__Activity__: Return each line exactly, from the one that has "FANTAC CRAFTS Ebony" through the end of the entries, both ends included. Pictures do not belong.

__Data__:
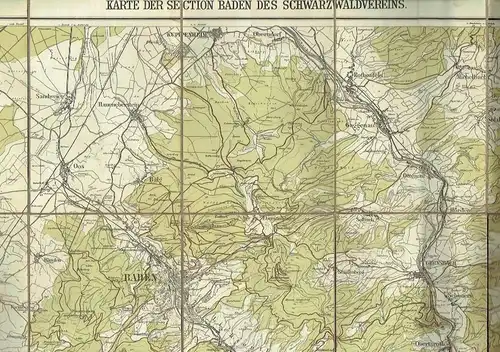 Baden, Bühl, Gernsbach
 Karte der Section Baden des Schwarzwaldvereins, Blatt 1. 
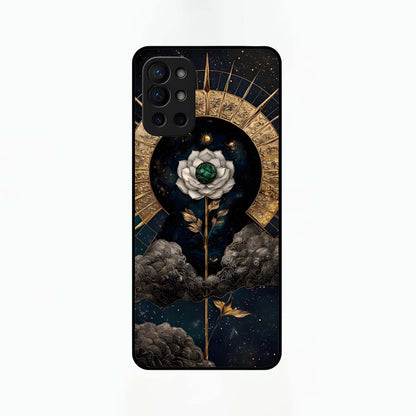  Celestial Lotus Morang Glass Case For OnePlus 9R back cover – full design glossy printed glass finish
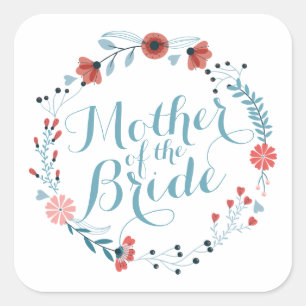 Carré Mère de la mariée mignonne Sticker Wreath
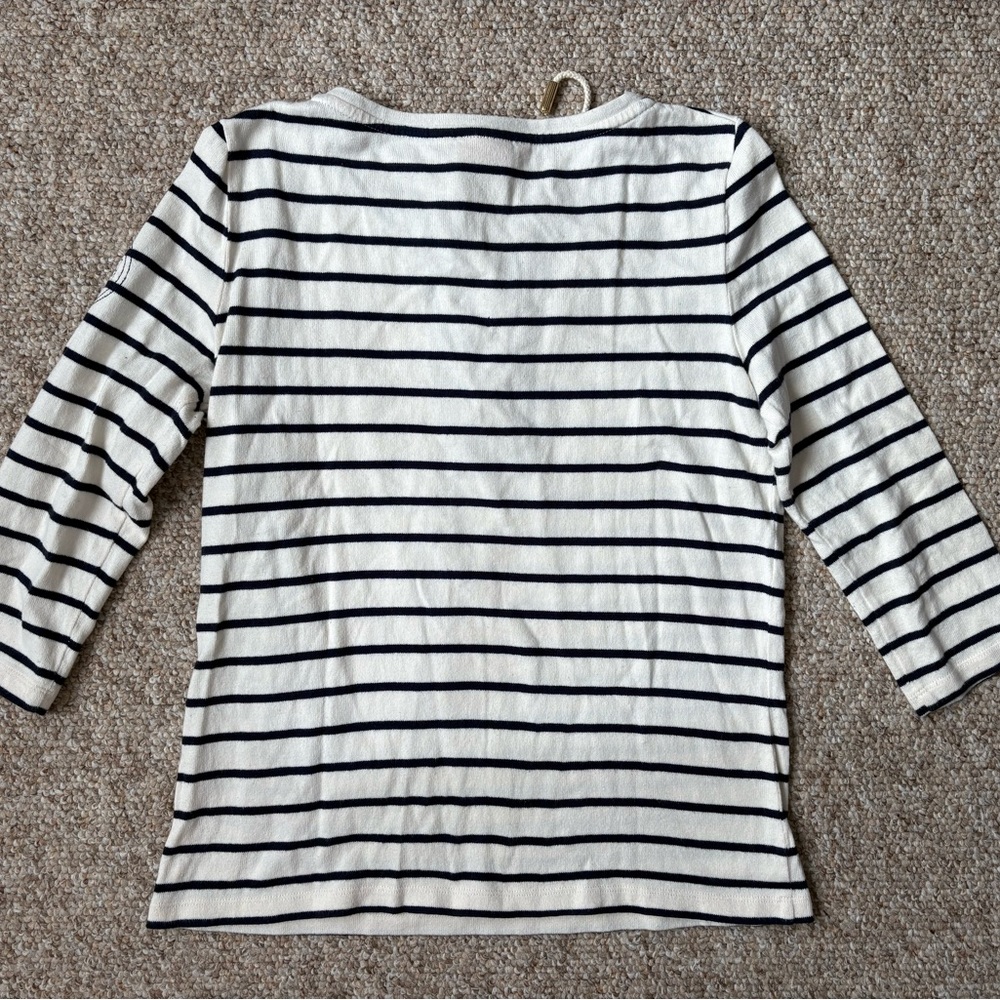Tory Burch Navy & White Striped Lace-Up Top 3/4 sleeves, nautical sailor, Size S - Picture 11 of 11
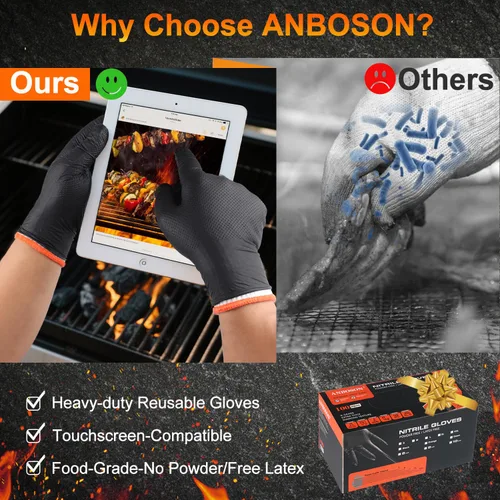 Miniatura 8 de Guantes ANBOSON para Barbacoa Desechables Resistente al Calor para Parrilla - 100 Guantes de Nitrilo + 4 Forros Reutilizables de Algodón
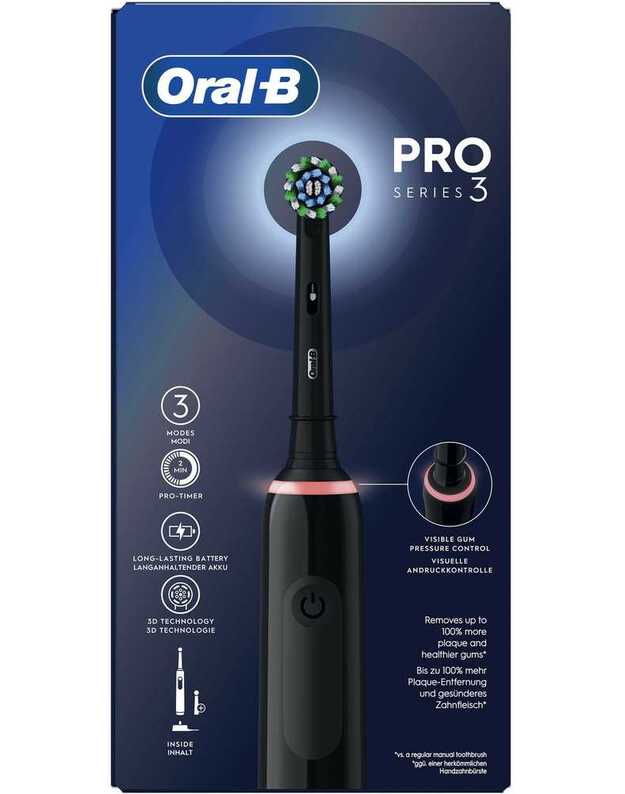 Elektrinis dantų šepetukas Braun Oral-B Pro 3 3000 Cross Action, juodas 10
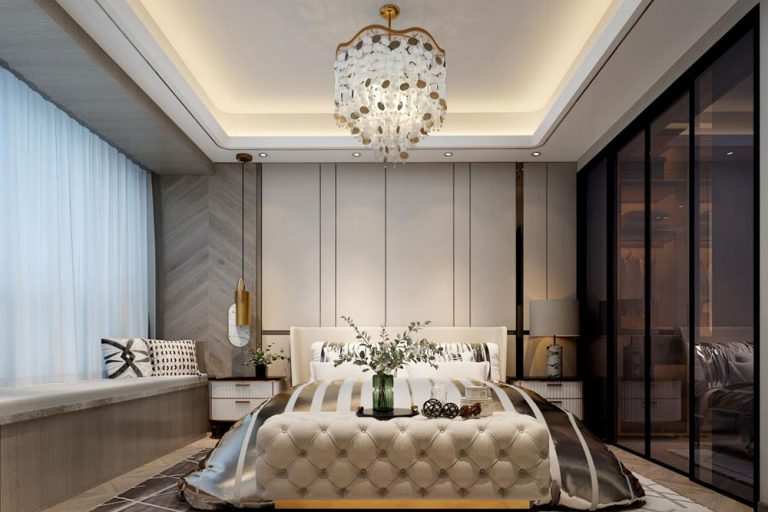 轻奢风格住宅设计案例主卧效果图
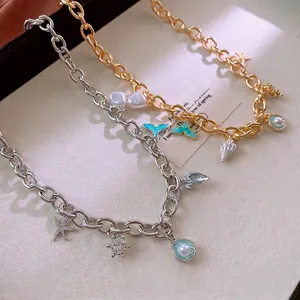 Ocean Theme Fish Tail Shell Starfish Pendant Necklace Alloy Imitation Artificial Pearl Rhinestone Chunky Chain Summer Beach Jewelry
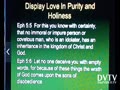 Display Love In Purtiy and Holiness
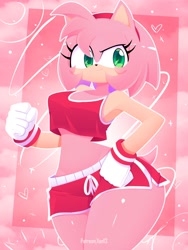 Size: 1500x2000 | Tagged: safe, artist:xan13, amy rose, hedgehog, alternate outfit, female, midriff, pink background, solo, thick thighs, wide hips, workout outfit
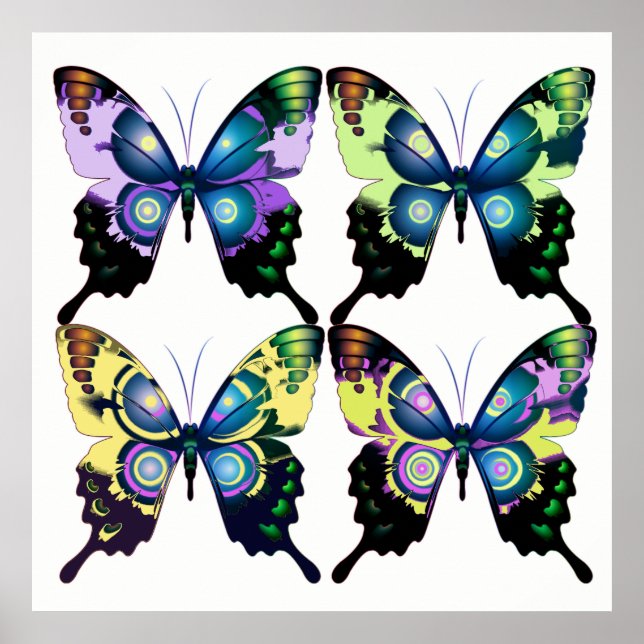 Poster Aqua Pink Yellow - Papillons Élégants (Devant)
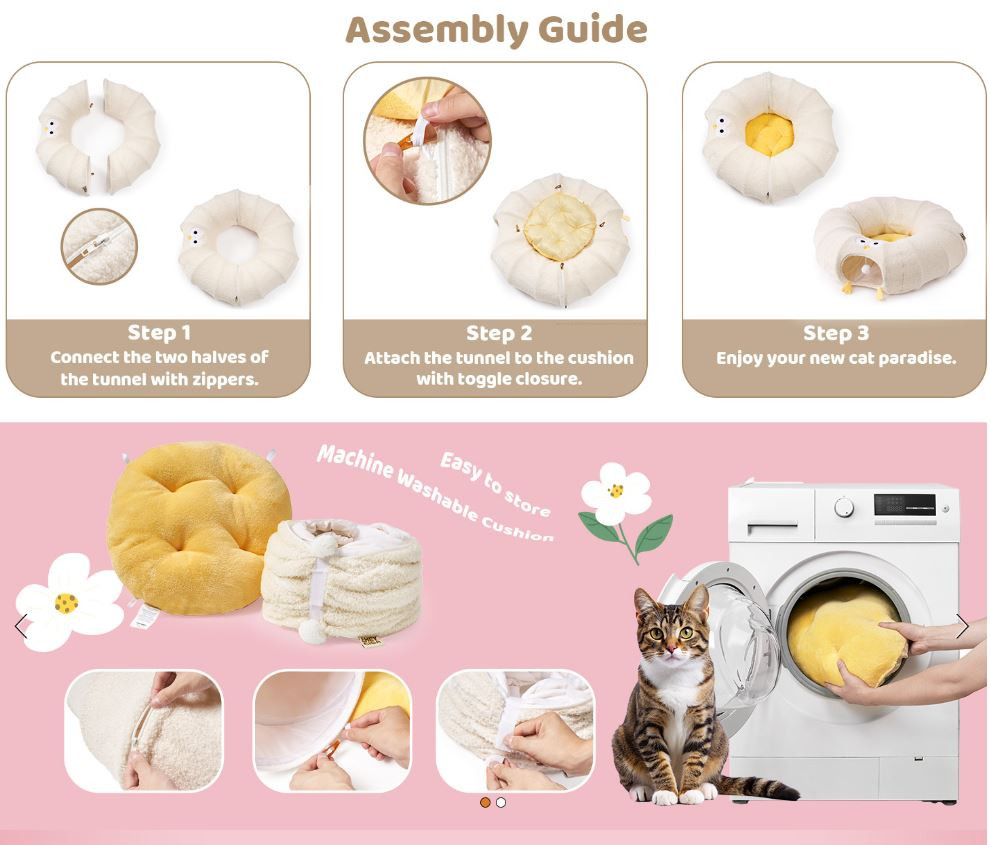 Yellow Cute Foldable Cat Tunnel Bed with Dual-Zipper Detachable & Connectable Design - 2-in-1 Versatile Circular Doughnut Nest & S-Curve Play Center, Easy Fold-Away Storage (85x85x26CM) - Image 3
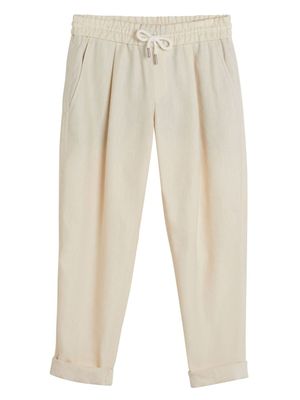 Brunello Cucinelli Kids pantalon fuselé à taille élastiquée - Tons neutres
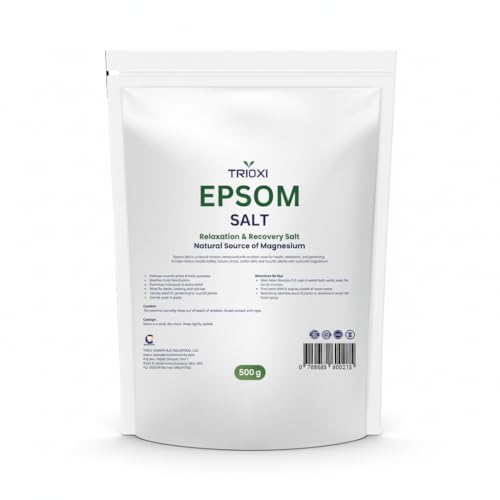 Trioxi Epsom Salt Pure Magnesium Sulfate Crystals Relaxing Bath Soak Foot Soak & Natural Remedy Premium Quality (500 Gram)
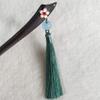 FANTAC CRAFTS Ebony Handmade Carved Black Wood Hair Stick with Pink Shell Carving Sakura Flower Agate Tassel Pendant Bun Updo Hairpin (Sakura-CyanTassel) view 2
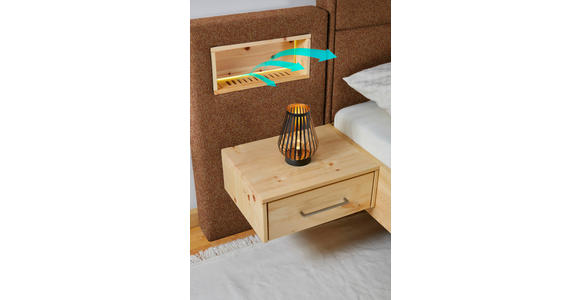 BOXSPRINGBETT 160/200 cm in Orange, Eichefarben - Eichefarben/Orange, Natur, Holz/Textil (160/200cm) - Valnatura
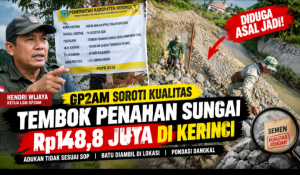 GP2AM Soroti Kualitas Tembok Penahan Sungai Rp148,8 Juta di Kerinci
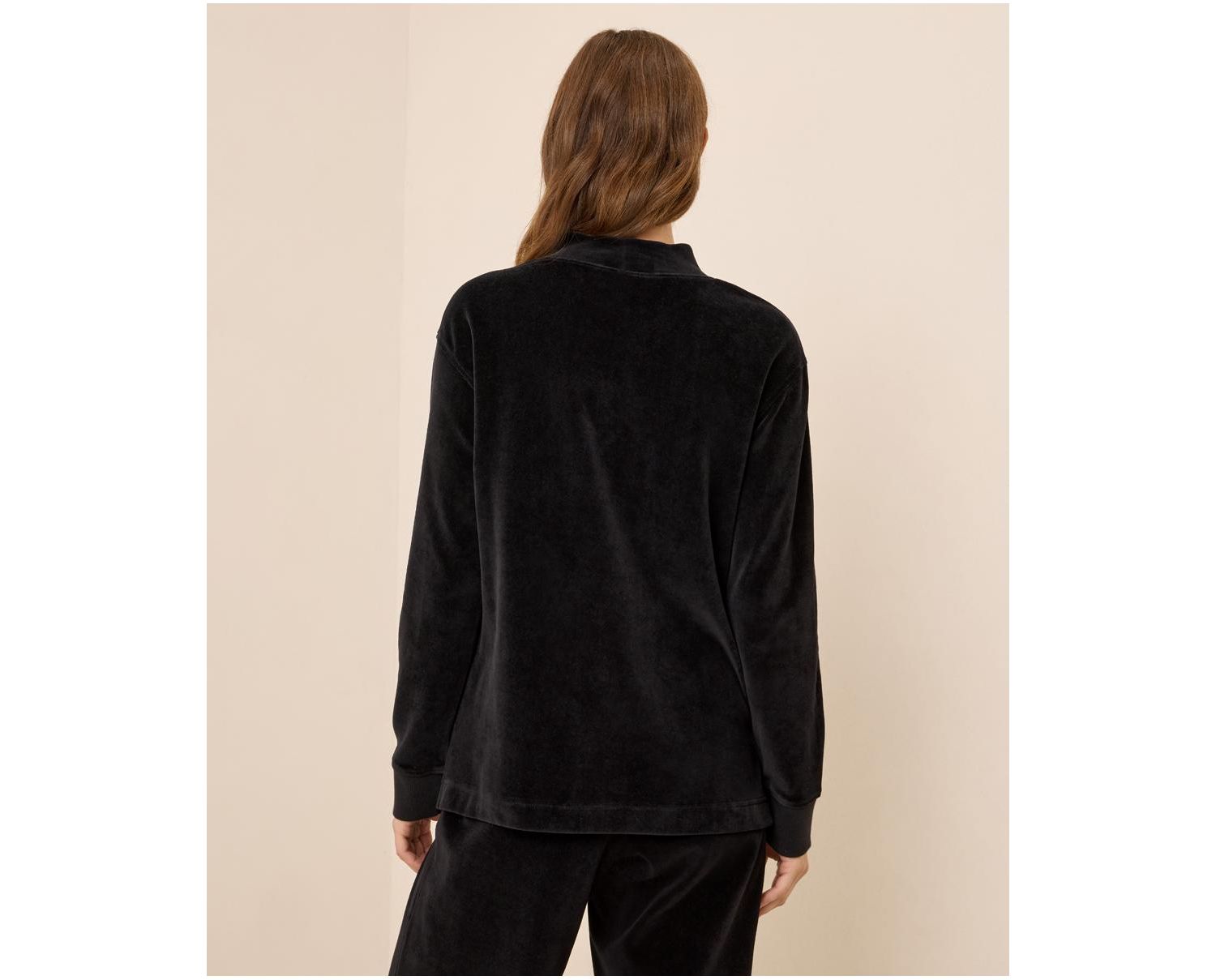 Women's Organic Cotton Velour Mock Neck Pullover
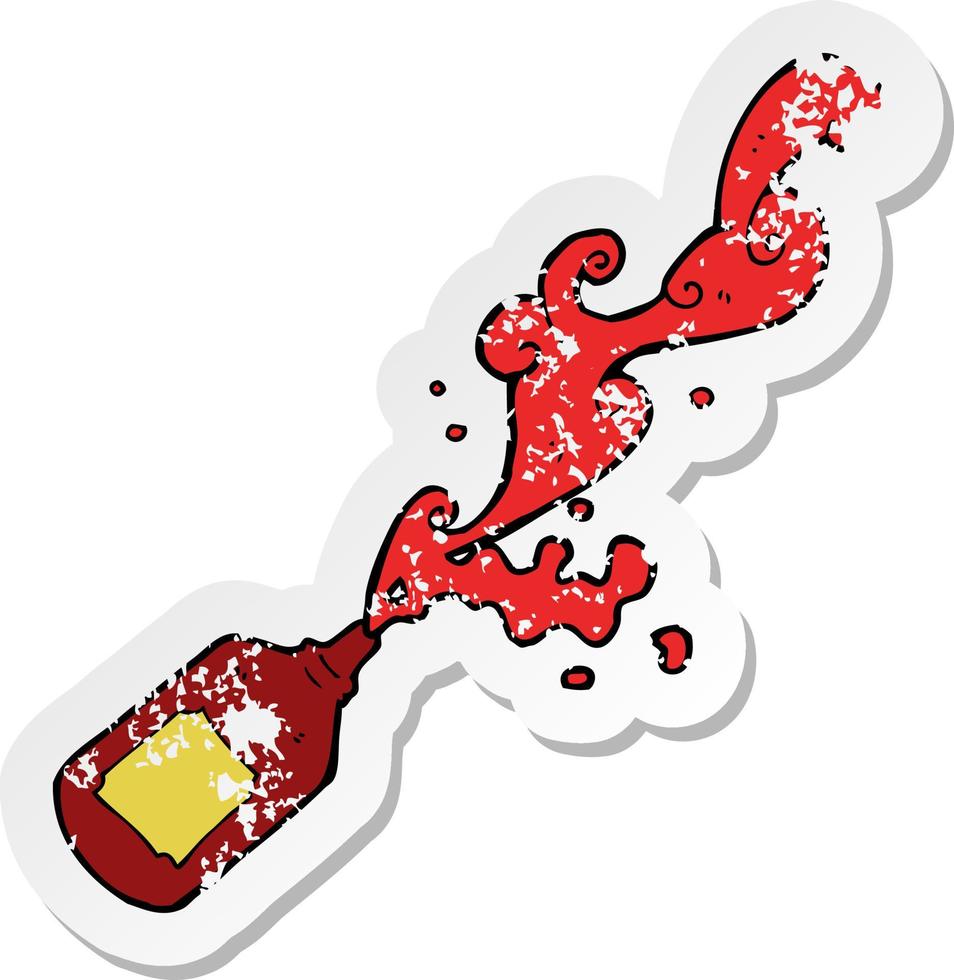 pegatina retro angustiada de una caricatura que arroja ketchup vector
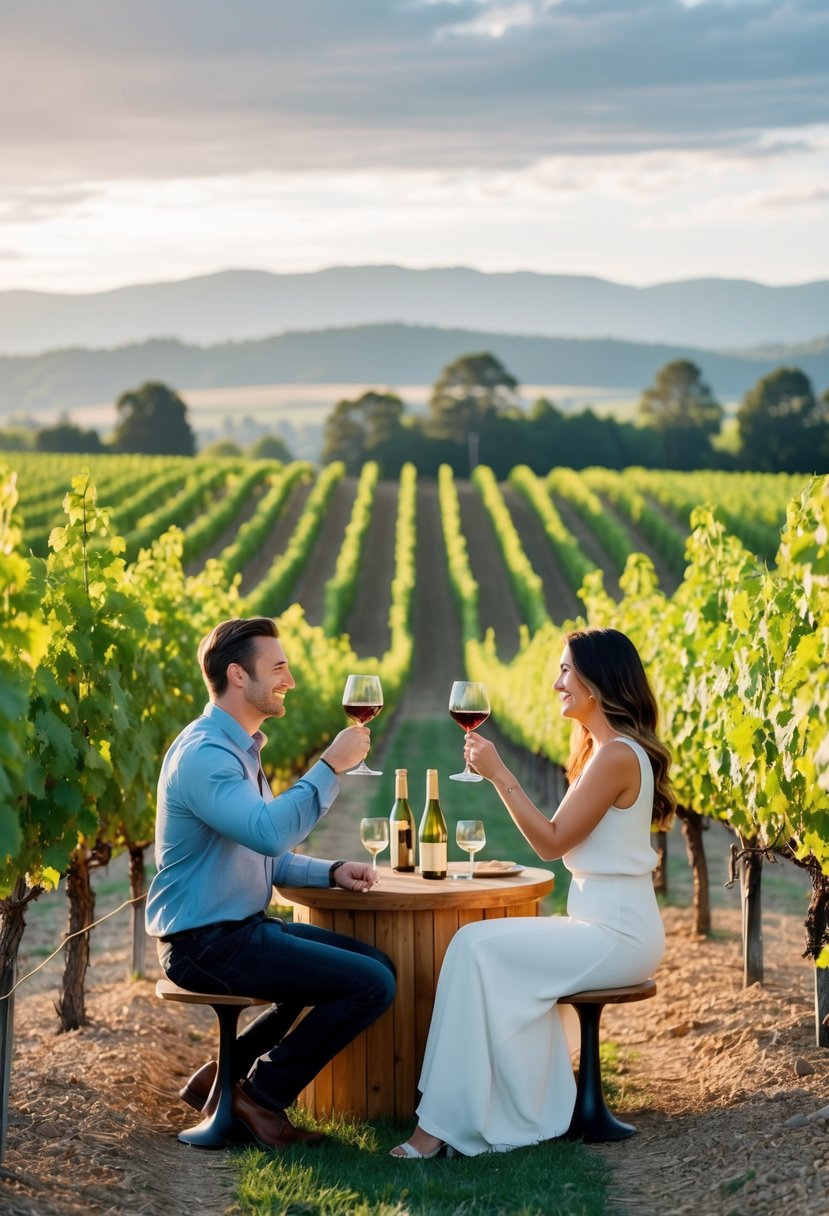 A picturesque vineyard with rows of grapevines, a rustic tasting room, and a couple enjoying glasses of wine with a scenic view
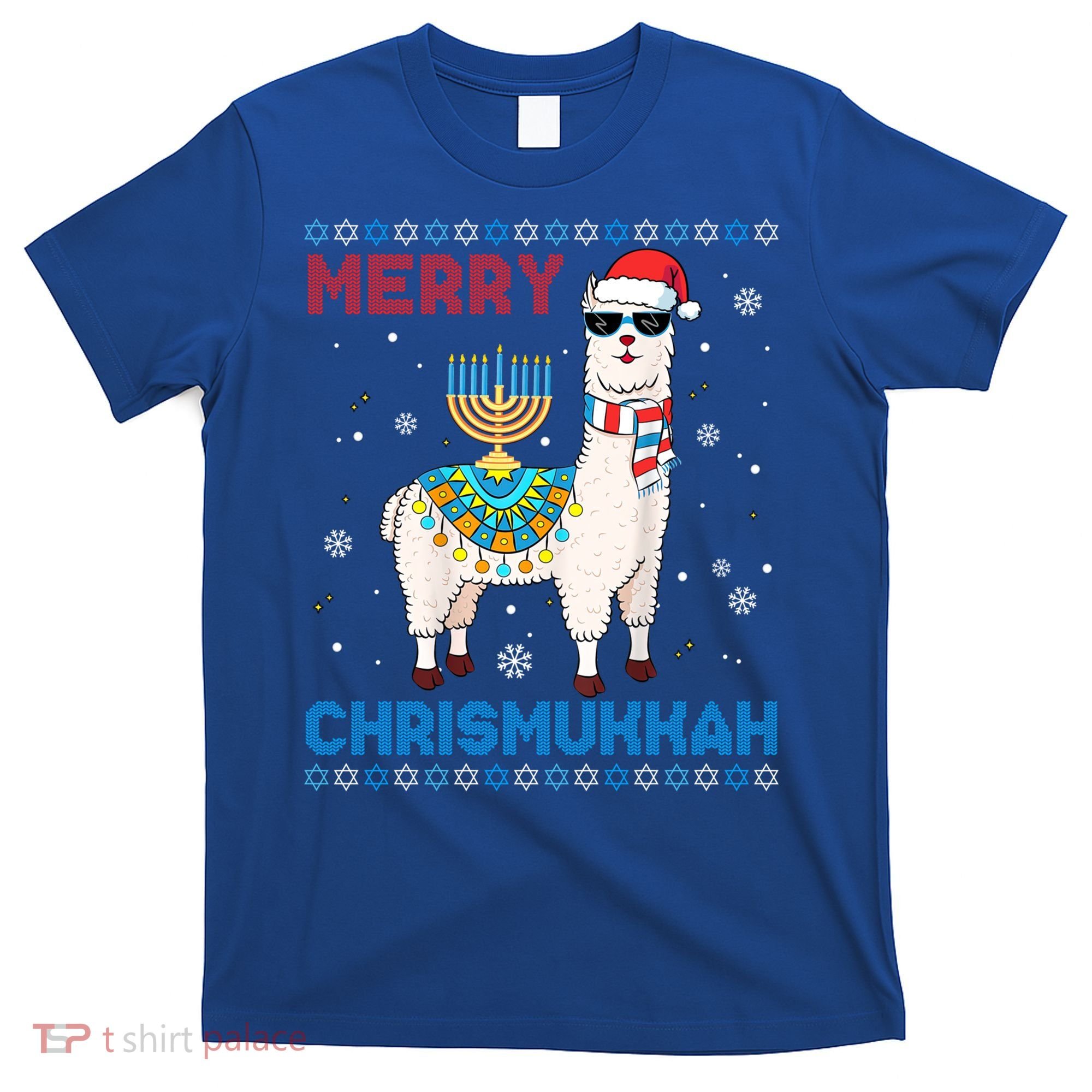 Ugly Xmas Sweater Merry Chrismukkah Cute Llama In Santa Hat Gift T-Shirt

__Final answer__:
 FANTAC CRAFTS Ebony Handmade Carved Black Wood Hair Stick with Pink Shell Carving Sakura Flower Agate Tassel Pendant Bun Updo Hairpin (Sakura-CyanTassel) view 2
 BOXSPRINGBETT 160/200 cm in Orange, Eichefarben - Eichefarben/Orange, Natur, Holz/Textil (160/200cm) - Valnatura
 GP2AM Soroti Kualitas Tembok Penahan Sungai Rp148,8 Juta di Kerinci
 Women's Organic Cotton Velour Mock Neck Pullover
 pegatina retro angustiada de una caricatura que arroja ketchup vector
 A picturesque vineyard with rows of grapevines, a rustic tasting room, and a couple enjoying glasses of wine with a scenic view
 Ugly Xmas Sweater Merry Chrismukkah Cute Llama In Santa Hat Gift T-Shirt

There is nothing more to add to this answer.